Paul Robert Kollibay (4 July 1863 – 5 November 1919) was a German lawyer and ornithologist. He specialised in the birds of Upper Silesia and his collection of bird skins is held at the museum of the University of Wroclaw.

Born in Gorzów Śląski, then called Landsberg, Upper Silesia, Kollibay was the son of a district judge. He went to the local elementary school and then the Gymnasium in Neustadt where he met Friedrich Kutter (1834–1891) who influenced his interests in birds. He went to Breslau to study law and completed school in 1885. Kollibay became a notary in 1897, a Judicial Councillor in 1910, and a board member of the Bar association in 1917.
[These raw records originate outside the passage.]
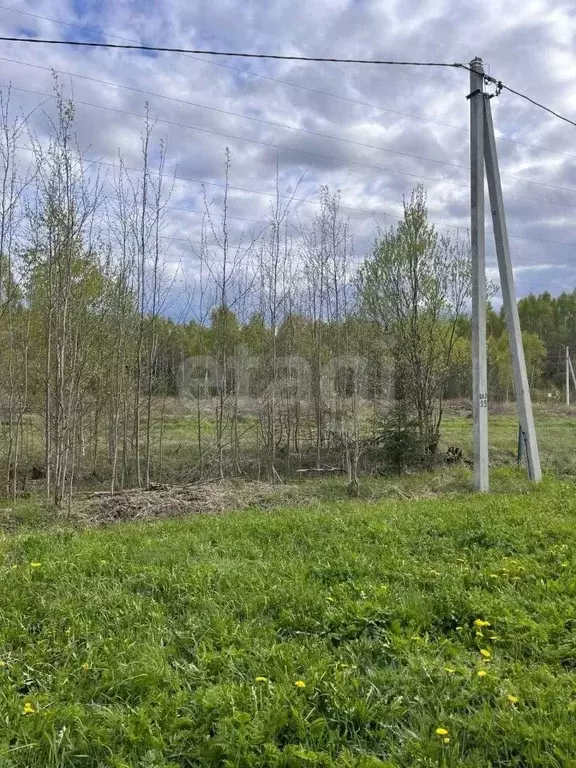Участок в Калужская область, Юхновский район, Беляево с/пос, д. Батино ... - Фото 0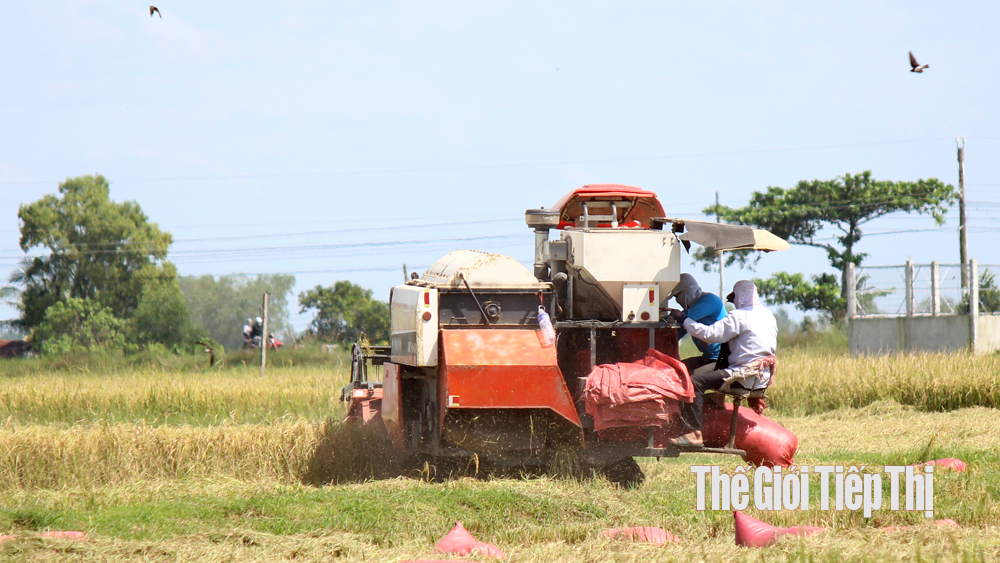 Khâu tổ chức sản xuất là rất quan trọng trong chuỗi giá trị lúa gạo. Ảnh: Trần Khánh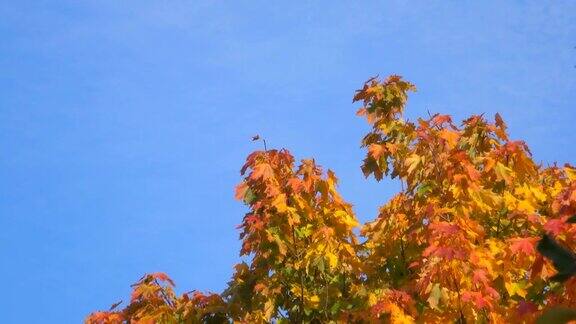 树上美丽的五颜六色的叶子蓝色天空背景上的金色树叶秋季景观背景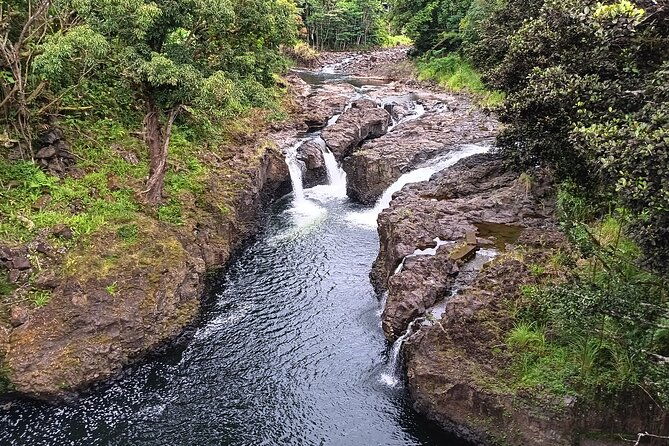 Private Shore Excursion Hilo Land of Frozen Fire up to 14 - Final Thoughts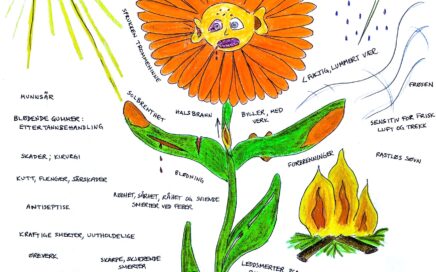 Illustration of the homoeopathic remedy Calendula officinalis, with key characteristics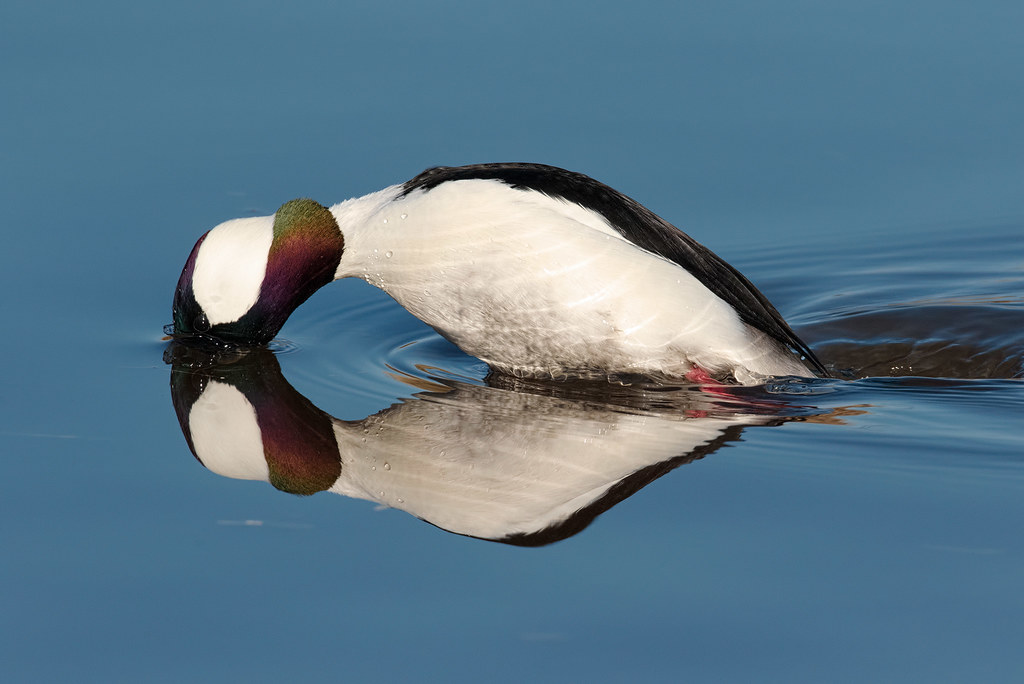 A male bufflehead dives under the water to feed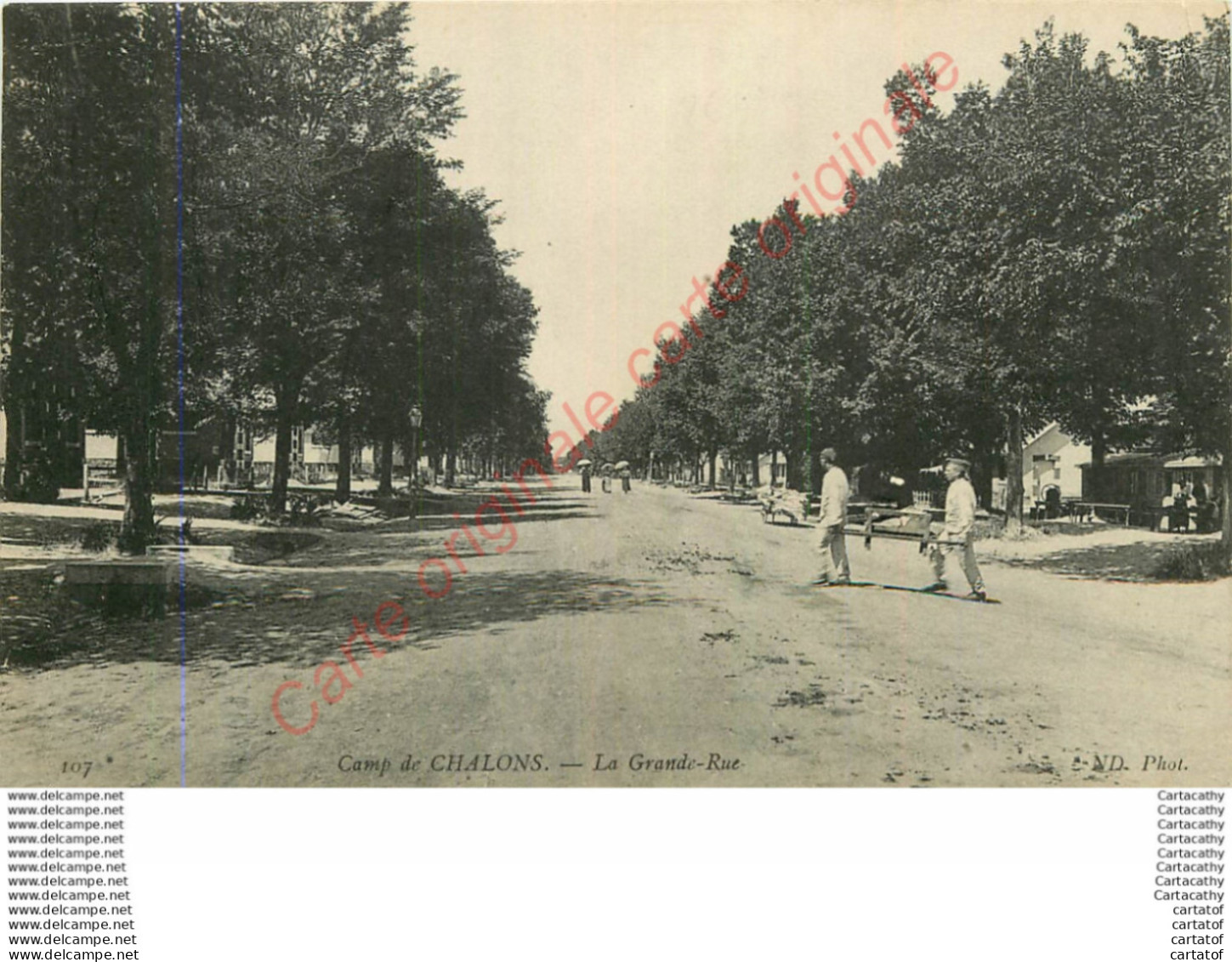 51.  CAMP DE CHALONS .  La Grande Rue . - Camp De Châlons - Mourmelon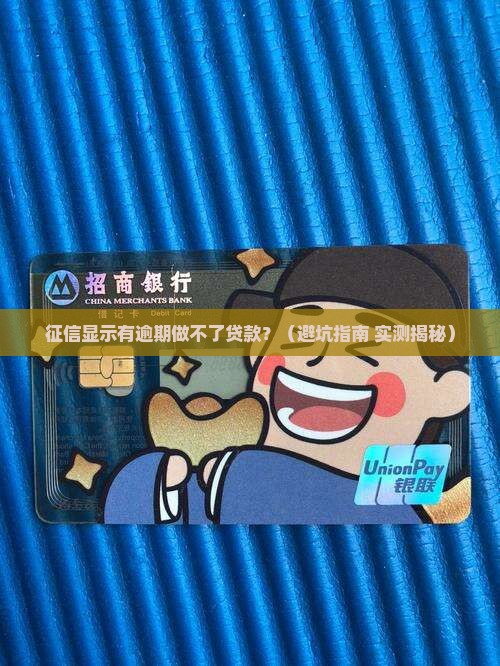 征信显示什么做不了贷款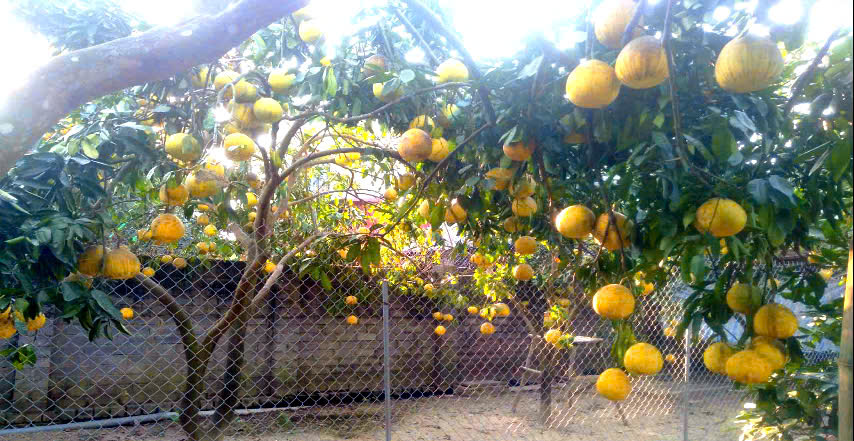 Vườn bưởi Tá Điền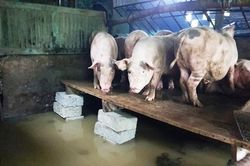 Huế mưa trắng trời, người dân 'oằn mình' chống lũ
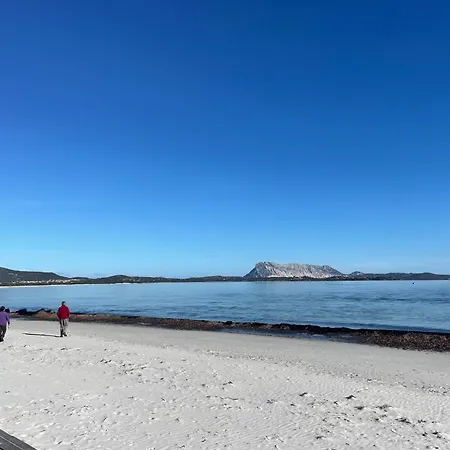 Al Faro , La Cinta ,san Teodoro Ξενοδοχείο *
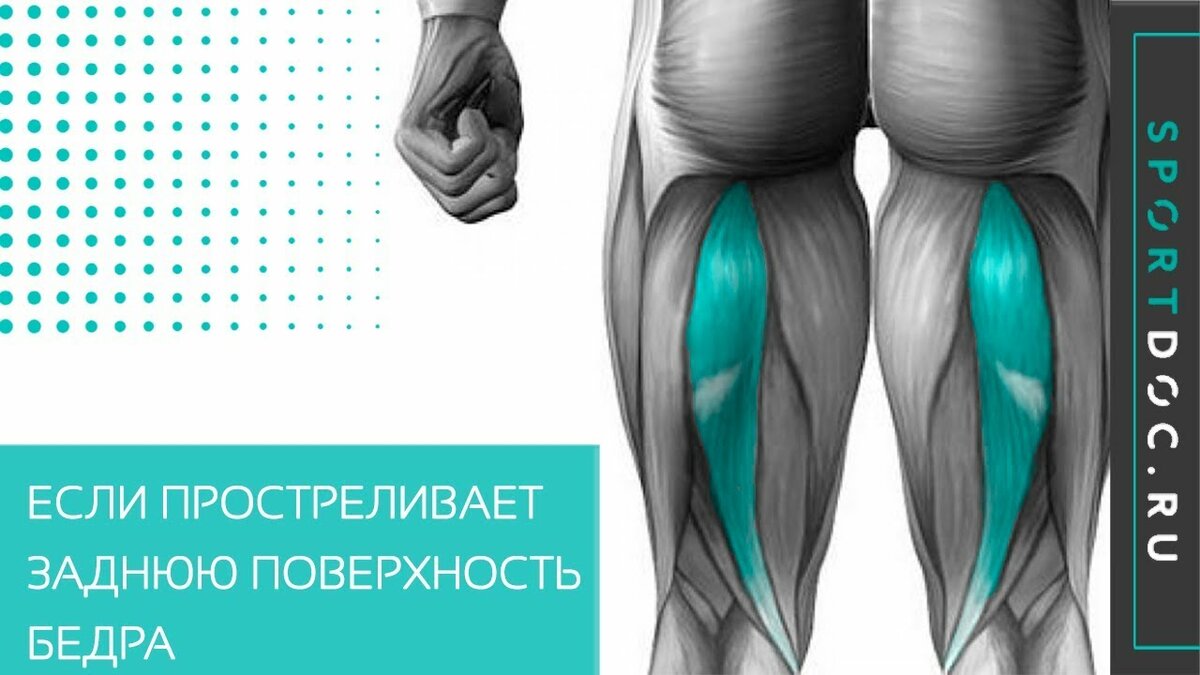 анатомия мышц задней поверхности бедра фото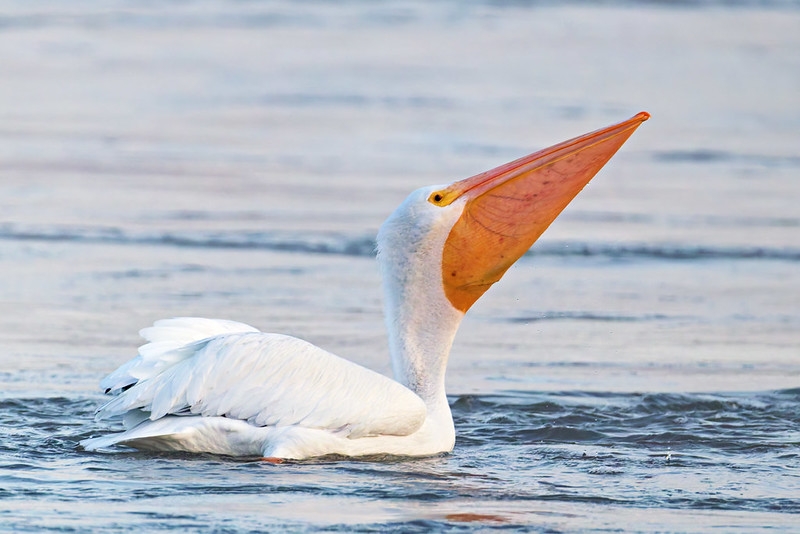 American White Pelican lifts its head, fish outline visible low in the gular pouch.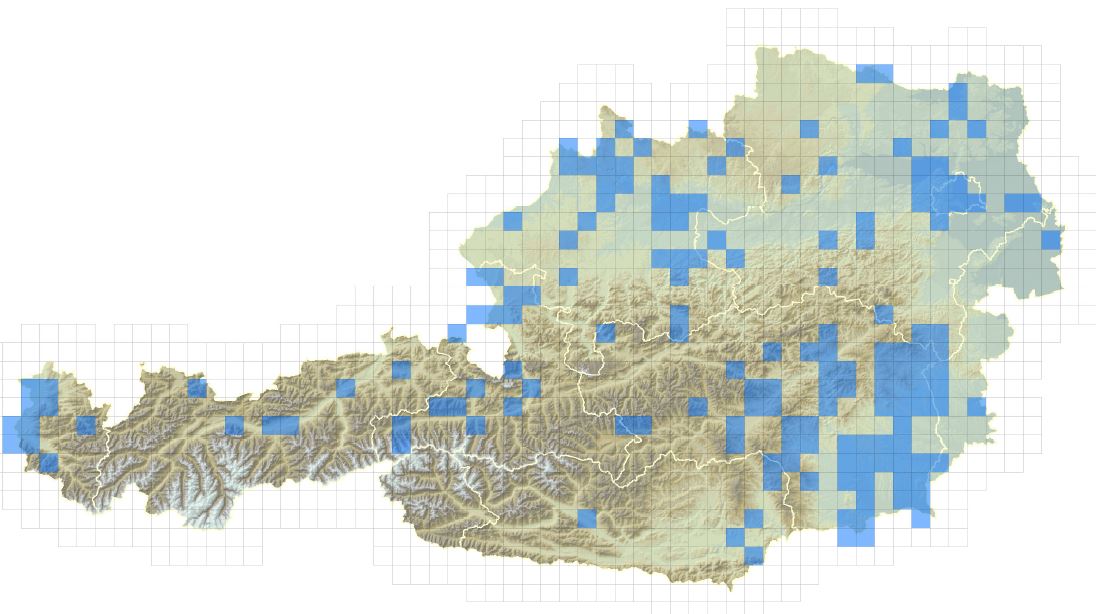 Verbreitungskarte des Wachbären in Österreich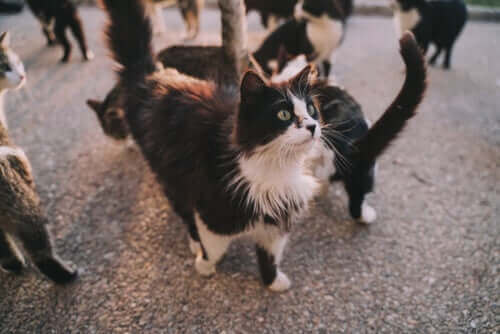 Choroby przenoszone przez koty, którymi można się zarazić?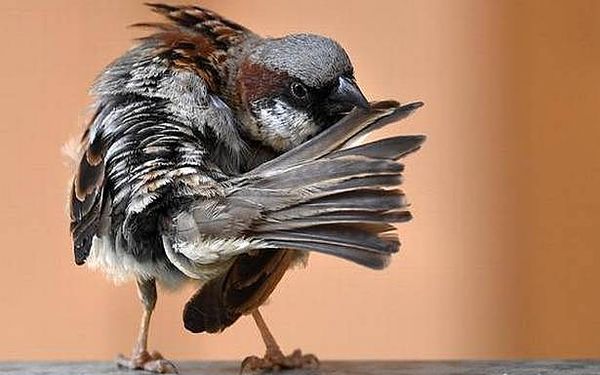 Bringing the house sparrows back home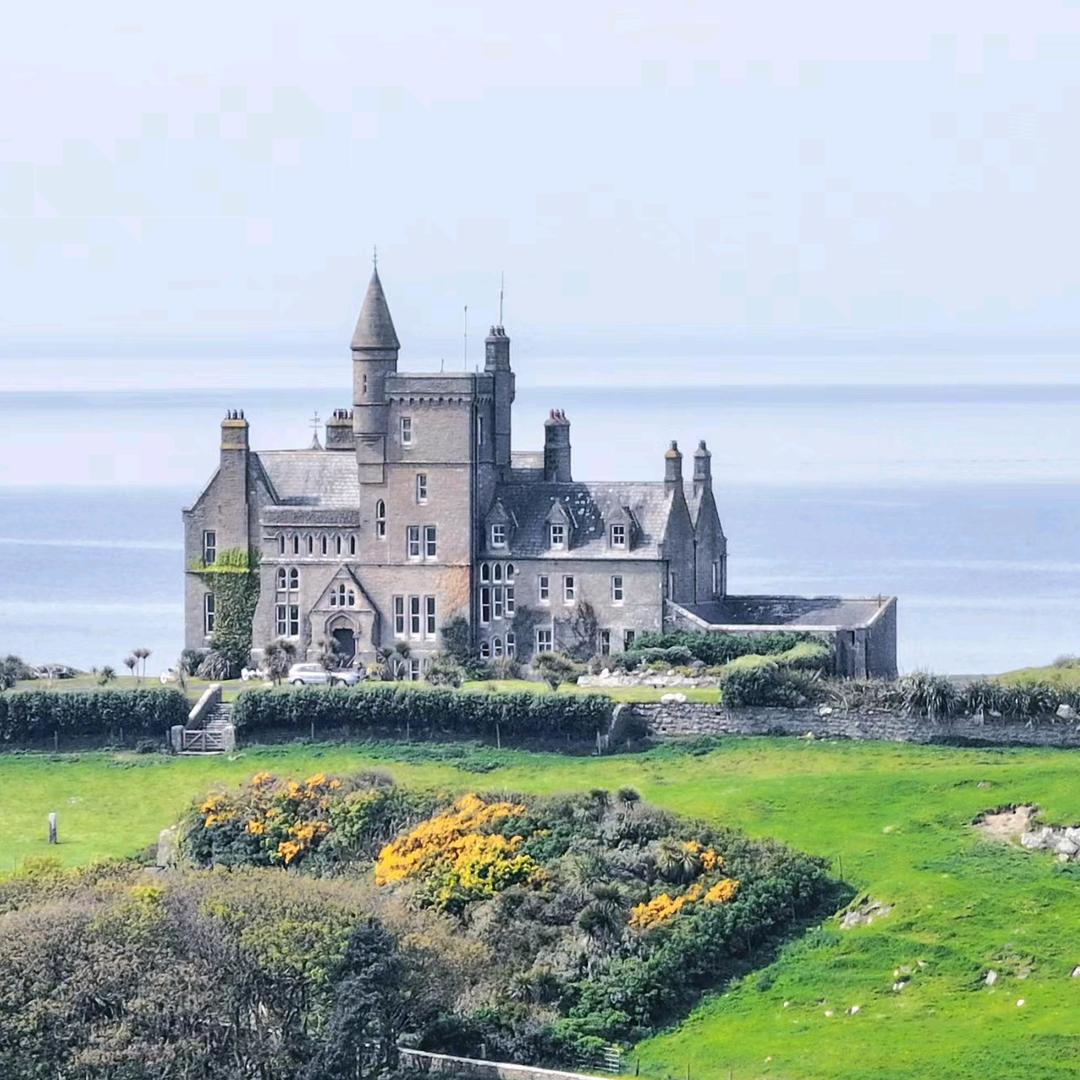 我是西柚001(✧∇✧)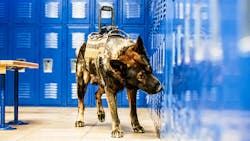 Core K 9 Action 045 5c3e3d206ed54 Core K 9 Action 045 5c3e3d206ed54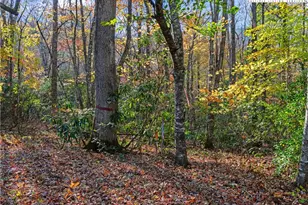 219 Raven Rock Ln, Burnsville, NC 28714 - Photo 9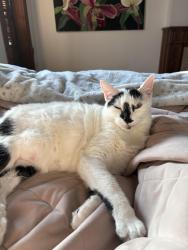 Lost Female Cat last seen Underhill and Washington, Brooklyn, NY 11238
His work on birds began in 1879, with studies of the species in the Prussian Province of Silesia which was published in 1906 with supplements in 1909 and later updated by Anton Reichenow. He became a specialist on the swifts of the region and was honoured in a subspecies Apus apus kollibayi described by Victor von Tschusi which is now considered synonymous to the nominate form. He was a member of the German Ornithological Society and the British Ornithologists' Union. A few subspecies Carduelis carduelis paropanisi, Galerida cristata subtaurica, Pisorhina leucotis granti were described by Kollibay. Kollibay's collection of 3200 bird skins was purchased by the zoological museum of Breslau University but many specimens were destroyed during the Second World War.